Superior Court of New Jersey, Chancery Division
Apr 23, 1970
110 N.J. Super. 181 (Ch. Div. 1970)

Opinion

Decided April 23, 1970.

Mr. Joseph J. MacDonald for plaintiff ( Messrs. Harrison, Hartman MacDonald, attorneys).

Mr. Harold I. Braff for the defendant, Employers' Surplus Lines Insurance Company ( William H. Covert, on the brief; Messrs. Braff, Litvak and Ertag, attorneys).

Mr. William J. Cleary, Jr., for defendant Aetna Casualty and Surety Company ( Messrs. Lamb, Blake, Hutchinson and Dunne, attorneys). Mr. Gerald W. Conway for defendant Employers Mutuals of Wausau ( Messrs. Schreiber and Lancaster, attorneys).

Mr. Stanley Teich for defendants Arthur J. O'Connor, James J. Laffey and Thomas A. Laffey, t/a O'Connor-Laffey Co., and Wohlreich and Anderson, Ltd. ( Messrs. Lieb, Teich and Berlin, attorneys).

Mr. Ralph V. Mancini for defendant County of Union.

Mr. John B. Stone for defendant, Joseph Allan ( Messrs. Ryan, Saros, Davis and Stone, attorneys).

Mr. John Budd for defendant Ingvald Moe ( Messrs. Budd, Larner, Kent, Gross and Picillo, attorneys).

Mr. Louis Auerbacher, Jr., for defendant Reliance Insurance Company.


Plaintiff entered into a contract with the County of Union to construct an automobile parking building and juvenile detention center in Elizabeth, New Jersey. To protect itself against certain risks incident to the project it sought and obtained policies of insurance from Employers' Surplus Lines Insurance Company (Employers), Aetna Casualty Surety Company (Aetna) and Employers Mutual Liability Insurance Company of Wisconsin, generally or often referred to as Employers Mutuals of Wausau (Wausau). After completion or near completion of the structure, alleged defects of a serious nature appeared in the design and construction of the building. On or about June 1, 1967 suit was instituted by the County of Union against plaintiff, as general contractor, as well as against the architect, engineer and corporate surety on plaintiff's performance and completion bond. The complaint alleged negligence, improper construction and a failure to adhere to proper standards. Plaintiff turned to each of the three carriers mentioned above, demanding that they agree to indemnify it as to any liability that might arise from the suit and that they provide a defense to the action. Each carrier disclaimed, contending that the asserted coverage did not exist. Thereupon plaintiff instituted this suit seeking, among other things, a declaratory judgment as to the interpretation of each policy — specifically, as to whether the asserted coverage did or did not exist. After answers had been filed plaintiff moved for judgment on the pleadings or for partial summary judgment against each of the three carriers, as well as for other incidental relief. The motions for summary judgment go only to the issue as to the interpretation of the three policies. Other issues projected in the complaint are not involved. Defendant Wausau thereupon filed a cross-motion for summary judgment on the basic coverage issues.

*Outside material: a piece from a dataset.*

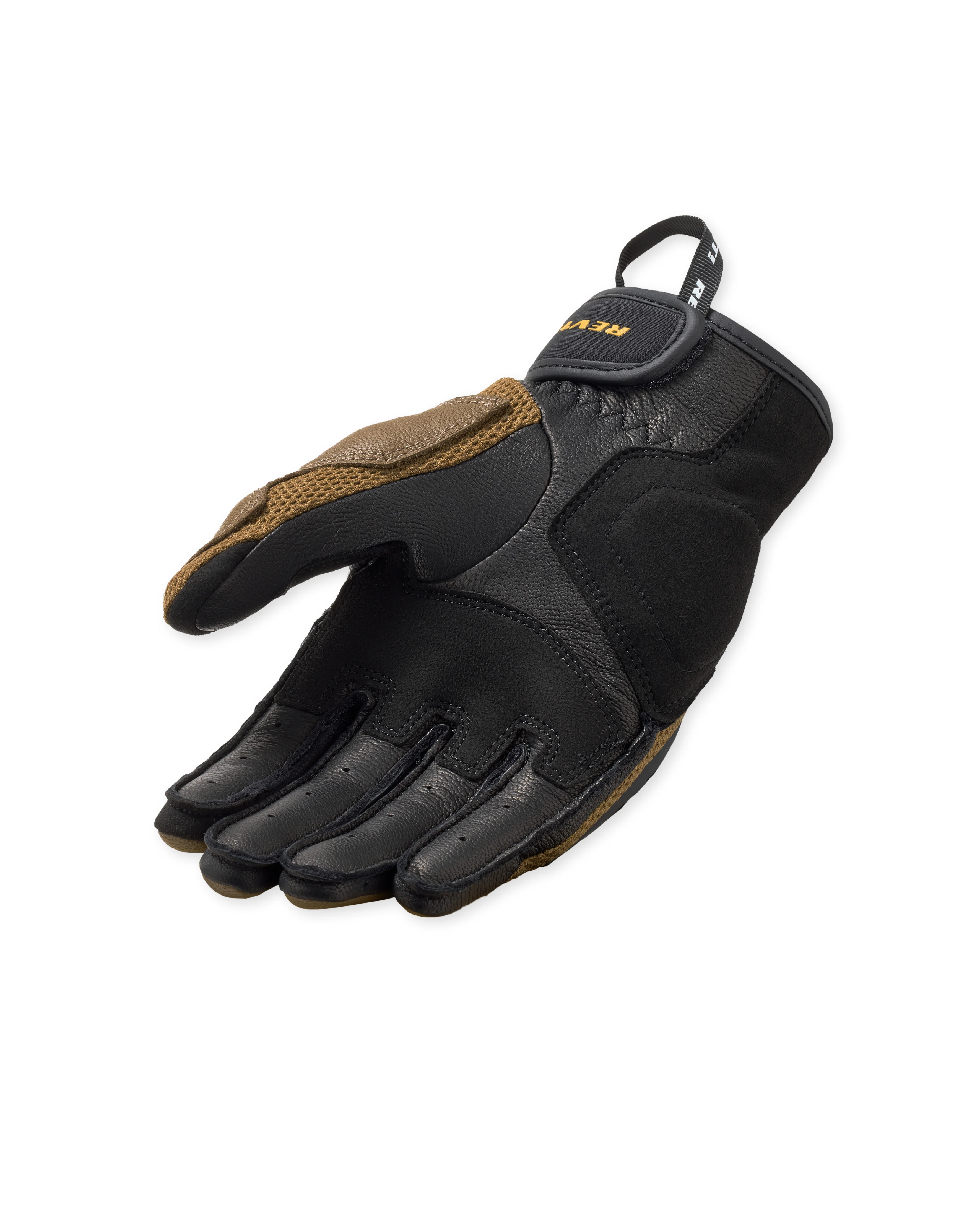 REV'IT! Caliber 2 Gloves - Image 4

It will be convenient to consider Wausau's motion first. The policy in question is long and complicated. It consists of a basic document of six printed pages to which are appended a declarations sheet, two pages of schedules containing descriptions of the insured hazards and various premium data, followed by 16 separate endorsements. The effective date of all endorsements is the same as the effective date of the policy. Plaintiff complains that the result is a composite document filled with ambiguities and well nigh incomprehensible. There is no doubt that it is difficult to read but I do not find it incomprehensible.

Two points deserve mention. In the first place, it is important to bear in mind the difference between complexity and ambiguity. This was a complex underwriting transaction; it did not lend itself to simplicity of expression or format. Complexity born of necessity is not to be confused with ambiguity, whether accidental or artful. Secondly, this type of policy, consisting of a basic printed document extensively modified by endorsements both enlarging and limiting the scope of coverage, seems to lend itself to liability underwriting where an undertaking presents a variety of risks and hazards with respect to which protection is sought. The basic document is in effect modified and tailored by endorsements to conform to the precise underwriting requirements. 1 Long, The Law of Liability Insurance, § 10.02.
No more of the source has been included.